Hancock administration lays down $6.9 million to reimagine how Denver’s homeless shelters run

It’s the first chunk of money from a fund the mayor announced during his reelection campaign in April.
3 min. read
Outside the Denver Rescue Mission, April 12, 2019. (Kevin J. Beaty/Denverite)

UPDATE: On Dec. 23 Denver City Council unanimously approved the shelter improvement contracts.


Denver City Council members who got a briefing on the Hancock administration's re-imagining of homelessness services liked what they heard well enough to advance more than $5 million in contracts Wednesday.

That money will combine with $1.3 million in other funds to pay for more storage lockers and showers, improve access for people with disabilities and take other steps to transform shelters across the city.

"This is a really powerful package," Councilwoman Robin Kniech said after housing department chief Britta Fisher and her aides outlined plans during a meeting of the homelessness committee.

Fisher called the proposal part of a "vision for 24-7-access shelter, more residential shelter ... than overnight."

Kniech and her colleagues approved for full council consideration:

  • a $528,405 contract with Volunteers of America to provide 24-hour, long-stay shelter and services for older women and veterans who are women. The new shelter will be housed at the Bill Daniels Veterans Services Center that Volunteers of America already runs at 1247 Santa Fe Drive.
  • two contracts with Denver Rescue Mission totaling $2.3 million that will allow the nonprofit to expand health and other services during the day, install an elevator, and make additional renovations at its 1130 Park Ave. West facility. Denver Rescue Mission will use some of the money to expand its Next Step program in which participants have 24-hour access to beds, lockers, a community room and laundry room as they work with case managers on plans for moving to permanent housing. Next Step served 743 men this year and Denver Rescue Mission hopes to serve more than 1,100 in the program next year.
  • an $840,682 contract with Urban Peak, which supports people experiencing homelessness between the ages 15 and 24, a group seen as poorly served by traditional shelters. Among other things, the money will allow Urban Peak to expand daily hours from three to 10 at its drop-in center at 2100 Stout St.
  • a $1.5 million addition to a contract with the Colorado Coalition for the Homeless for bridge housing, often a hotel room where, for example, a family awaiting an apartment can stay until funds for permanent housing are available.

The full City Council unanimously approved each of the measures on Dec. 23.

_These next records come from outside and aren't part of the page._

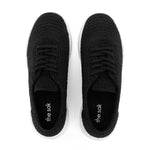 The Sak Asha Sneaker - Hand Crochet - Black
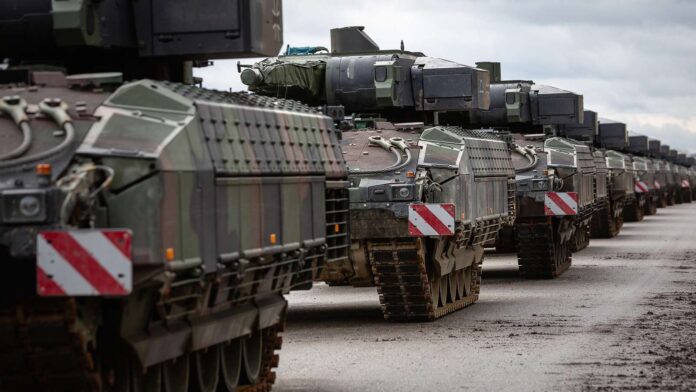 Die Panzerbrigade 12 führt demnächst die Übung Brave Lion 2026 durch.
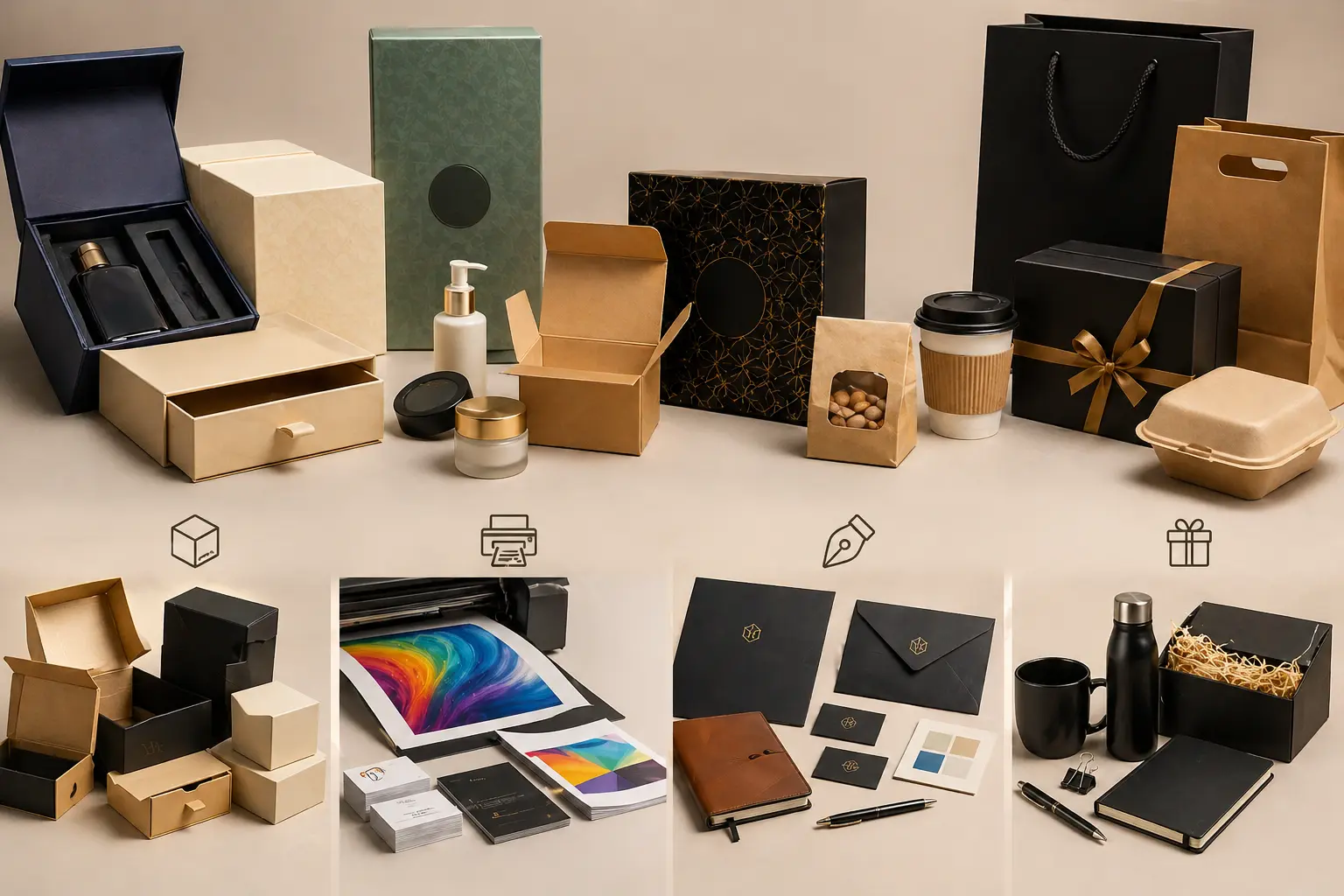Premium Packaging Solutions in Pakistan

In addition, six contracts worth amounts too small for City Council approval, would expand services at shelters run by the Salvation Army and St. Francis Center and allow the nonprofit Family Promise to provide bridge housing.

In all, the city proposes to spend $6.9 million on homelessness programs. It's the first batch disbursed from a pot of $15.7 million that Mayor Michael Hancock announced in April.

All the contracts are for a year, with the possibility of new contracts in 2021 and 2022, housing director Fisher said. She said that in the long term, many shelters now open only at night would be transformed into "residential shelters."

The $15.7 million, to be spent over the next three years, includes $11.2 million from the city, $1 million from the Anschutz Foundation and $1.5 million from the Colorado Health Foundation. The Downtown Denver Partnership led a drive that resulted in a total contribution of $1 million from the Associated General Contractors of Colorado, the Visit Denver tourism association, Together Denver, JP Morgan Chase and others.